Maybe the element of this film that makes it more interesting than it might be is that, while the humans longing for the knowledge in these volumes are terrible people, the film doesn’t seem to find Satanism (the real worship of an actual Satan, not today’s activism branch) a potentially worthwhile activity. Satan (Emmanuelle Seigner, Polanski’s wife) is also an interesting character—in concept, anyway.
Plus, black masses! Love those!
4. The Beyond (1981)
Lucio Fulci was really preoccupied with the gateway to hell. He produced an entirely worthwhile trilogy on the topic. And while City of the Living Dead and House by the Cemetery have their charms (well, for one of us), The Beyond is by far the most entertaining of the three.
As is always the case in Fulci films, the dubbing is half the fun, here unintentionally aiding in the overall surreal quality of the picture. Liza Merrill (Catriona MacColl, who stars as different characters in each of the three Gateway films) has inherited an old Louisiana hotel from her dead uncle.
Guess what’s in the basement?!
Silly, gory as hell, hypnotic and oh-so-Fulci, The Beyond is a dreamy peek into hell. The clashing accents and lack of logic only strengthen the vibe.
3. Insidious (2010)
Yes, technically this one takes place in “The Further” – but we don’t buy that this creepy red guy plays organ in limbo or purgatory. We’re going with hell.
Director James Wan and writer (and co-star) Leigh Whannell launched a second franchise with this clever, creepy, star-studded flick about a haunted family.
Patrick Wilson (who would become a Wan/Whannell staple) and Rose Byrne anchor the film as a married couple dealing with the peculiar coma-like state affecting their son, not to mention the weird noises affecting their house.
But what makes this particular film so effective is that we get to go into The Further to reclaim the lost soul. It’s a risky move, but these filmmakers do what few are able to: they show us what we are afraid of.
2. The Sentinel (1977)
Journeyman writer/director Michael Winner helmed this weird little gem about a damaged young woman and her journey toward the only destiny that can save her.
It starts, as these things so often to, with the search for a new place to live.
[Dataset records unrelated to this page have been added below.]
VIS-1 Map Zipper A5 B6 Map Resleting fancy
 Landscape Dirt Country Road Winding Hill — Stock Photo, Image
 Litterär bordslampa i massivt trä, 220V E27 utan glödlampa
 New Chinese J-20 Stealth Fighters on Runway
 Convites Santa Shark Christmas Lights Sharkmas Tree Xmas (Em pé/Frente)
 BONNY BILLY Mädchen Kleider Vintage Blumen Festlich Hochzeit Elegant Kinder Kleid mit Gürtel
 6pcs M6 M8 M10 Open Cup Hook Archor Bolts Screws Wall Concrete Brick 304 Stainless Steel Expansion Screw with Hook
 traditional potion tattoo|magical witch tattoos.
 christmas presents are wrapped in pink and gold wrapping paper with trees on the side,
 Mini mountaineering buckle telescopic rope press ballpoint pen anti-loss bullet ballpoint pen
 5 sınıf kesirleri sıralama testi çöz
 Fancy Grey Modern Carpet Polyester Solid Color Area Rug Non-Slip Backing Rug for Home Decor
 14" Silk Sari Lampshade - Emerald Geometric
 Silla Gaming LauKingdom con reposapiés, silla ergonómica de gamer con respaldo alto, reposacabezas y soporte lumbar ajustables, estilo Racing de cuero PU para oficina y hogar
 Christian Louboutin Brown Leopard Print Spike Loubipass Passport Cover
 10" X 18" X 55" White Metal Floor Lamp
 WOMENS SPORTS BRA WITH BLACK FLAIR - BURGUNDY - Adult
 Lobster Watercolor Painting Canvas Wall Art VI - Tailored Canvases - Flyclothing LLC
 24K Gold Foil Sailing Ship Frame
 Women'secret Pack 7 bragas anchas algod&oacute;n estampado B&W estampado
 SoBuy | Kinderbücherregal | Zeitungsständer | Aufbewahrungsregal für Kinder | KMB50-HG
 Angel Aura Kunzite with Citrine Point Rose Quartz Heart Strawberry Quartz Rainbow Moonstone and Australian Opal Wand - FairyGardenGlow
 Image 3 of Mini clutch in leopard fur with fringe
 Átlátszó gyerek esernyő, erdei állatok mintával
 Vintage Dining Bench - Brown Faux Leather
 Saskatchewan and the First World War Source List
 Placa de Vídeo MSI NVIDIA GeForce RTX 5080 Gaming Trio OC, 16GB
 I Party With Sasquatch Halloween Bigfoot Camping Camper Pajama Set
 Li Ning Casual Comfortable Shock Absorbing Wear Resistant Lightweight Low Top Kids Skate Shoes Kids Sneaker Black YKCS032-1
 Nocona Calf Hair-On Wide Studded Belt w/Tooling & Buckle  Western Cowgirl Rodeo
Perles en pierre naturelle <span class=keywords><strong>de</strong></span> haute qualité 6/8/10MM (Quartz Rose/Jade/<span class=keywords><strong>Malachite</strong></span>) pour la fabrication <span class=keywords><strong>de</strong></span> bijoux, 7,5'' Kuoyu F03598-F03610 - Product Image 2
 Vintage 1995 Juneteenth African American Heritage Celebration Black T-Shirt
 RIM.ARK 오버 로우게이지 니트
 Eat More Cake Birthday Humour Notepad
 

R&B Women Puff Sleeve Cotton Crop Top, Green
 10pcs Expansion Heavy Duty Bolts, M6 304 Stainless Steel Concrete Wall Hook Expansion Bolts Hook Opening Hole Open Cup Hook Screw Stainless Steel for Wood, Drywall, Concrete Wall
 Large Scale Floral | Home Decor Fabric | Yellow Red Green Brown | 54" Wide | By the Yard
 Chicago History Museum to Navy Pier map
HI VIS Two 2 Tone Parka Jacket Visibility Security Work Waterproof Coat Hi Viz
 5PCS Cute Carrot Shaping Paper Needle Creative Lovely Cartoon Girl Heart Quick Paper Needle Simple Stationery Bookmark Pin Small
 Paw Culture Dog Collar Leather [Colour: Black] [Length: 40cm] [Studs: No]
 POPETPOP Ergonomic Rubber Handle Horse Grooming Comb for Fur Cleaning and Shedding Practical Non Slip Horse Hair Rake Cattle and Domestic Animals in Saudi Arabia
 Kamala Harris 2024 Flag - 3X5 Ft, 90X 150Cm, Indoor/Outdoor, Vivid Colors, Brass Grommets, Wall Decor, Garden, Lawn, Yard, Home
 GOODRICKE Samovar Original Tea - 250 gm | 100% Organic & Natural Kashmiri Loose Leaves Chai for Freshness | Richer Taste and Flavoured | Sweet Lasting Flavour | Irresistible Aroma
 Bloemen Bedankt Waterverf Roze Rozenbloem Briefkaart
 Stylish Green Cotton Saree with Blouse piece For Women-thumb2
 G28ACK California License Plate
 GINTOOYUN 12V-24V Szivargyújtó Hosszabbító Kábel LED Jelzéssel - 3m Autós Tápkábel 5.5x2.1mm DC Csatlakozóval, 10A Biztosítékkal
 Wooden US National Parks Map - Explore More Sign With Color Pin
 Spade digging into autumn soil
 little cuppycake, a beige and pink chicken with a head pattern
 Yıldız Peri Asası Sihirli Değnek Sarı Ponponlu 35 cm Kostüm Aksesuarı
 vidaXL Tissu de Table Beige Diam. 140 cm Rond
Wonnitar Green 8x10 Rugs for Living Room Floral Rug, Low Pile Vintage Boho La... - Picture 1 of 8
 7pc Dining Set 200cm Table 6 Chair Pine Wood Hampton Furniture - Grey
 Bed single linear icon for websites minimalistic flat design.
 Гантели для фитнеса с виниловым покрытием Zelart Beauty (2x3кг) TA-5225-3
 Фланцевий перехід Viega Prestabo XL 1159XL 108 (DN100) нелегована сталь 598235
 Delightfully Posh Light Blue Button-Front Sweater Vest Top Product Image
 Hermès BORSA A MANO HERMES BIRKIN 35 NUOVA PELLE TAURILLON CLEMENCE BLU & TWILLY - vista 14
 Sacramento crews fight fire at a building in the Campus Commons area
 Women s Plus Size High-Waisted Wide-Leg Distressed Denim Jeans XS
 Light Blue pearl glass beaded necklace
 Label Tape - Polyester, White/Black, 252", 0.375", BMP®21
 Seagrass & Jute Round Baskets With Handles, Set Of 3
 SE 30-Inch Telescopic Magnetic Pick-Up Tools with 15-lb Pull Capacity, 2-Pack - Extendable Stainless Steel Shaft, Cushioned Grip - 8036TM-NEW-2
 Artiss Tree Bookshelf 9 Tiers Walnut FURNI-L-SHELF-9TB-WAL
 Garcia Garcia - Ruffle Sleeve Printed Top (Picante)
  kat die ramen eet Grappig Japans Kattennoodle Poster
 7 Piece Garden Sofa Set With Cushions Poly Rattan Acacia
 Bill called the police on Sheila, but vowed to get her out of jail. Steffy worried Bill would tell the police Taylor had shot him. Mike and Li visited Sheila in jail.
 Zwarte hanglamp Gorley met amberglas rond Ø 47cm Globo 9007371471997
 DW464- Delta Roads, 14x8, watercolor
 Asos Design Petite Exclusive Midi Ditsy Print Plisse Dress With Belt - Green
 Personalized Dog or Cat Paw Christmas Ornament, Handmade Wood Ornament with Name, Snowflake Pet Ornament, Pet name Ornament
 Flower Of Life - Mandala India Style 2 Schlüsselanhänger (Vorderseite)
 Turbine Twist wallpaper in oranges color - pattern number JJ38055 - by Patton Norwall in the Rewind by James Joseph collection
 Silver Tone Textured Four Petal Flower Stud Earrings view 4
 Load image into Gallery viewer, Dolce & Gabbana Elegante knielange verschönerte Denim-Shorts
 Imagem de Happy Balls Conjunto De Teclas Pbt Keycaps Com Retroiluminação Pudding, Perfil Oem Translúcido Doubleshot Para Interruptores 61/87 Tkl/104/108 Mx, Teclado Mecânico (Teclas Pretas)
New York model Alison (Cristina Raines) is offered an incredibly great rate for a gorgeous NY brownstone apartment.
Is it the gateway to hell? Yes, but NY real estate being what it is, she takes it.
Look at this cast: Burgess Meredith, John Carradine, Christopher Walken, Ava Gardner, Jerry Orbach, Jose Ferrer, Beverly D’Angelo and Chris Sarandon, mainly playing the various and fascinating demons hoping to throw poor, fragile Alison off her path.
Meredith in particular is a magnificent Satan.
1. Baskin (2015)
Welcome to hell! Turkish filmmaker Can Evrenol invites you to follow a 5-man police squad into the netherworld, where eye patches are all the rage, pregnancy lasts well under the traditional 40 weeks, and you don’t want to displease Daddy.
The serpentine sequencing of events evokes a dream logic that gives the film an inescapable atmosphere of dread, creepily underscored by its urgent synth score. Evrenol’s imagery is morbidly amazing. Much of it only glimpsed, most of it left unarticulated, but all of it becomes that much more disturbing for its lack of clarity.
As is always the case, the real kicker is the Satan character. Here, central figure Mehmet Cerrahoglu’s remarkable presence authenticates the hellscape. Evrenol’s imaginative set design and wise lighting choices envelope Cerrahoglu, his writhing followers, and his victims in a bloody horror like little else in cinema.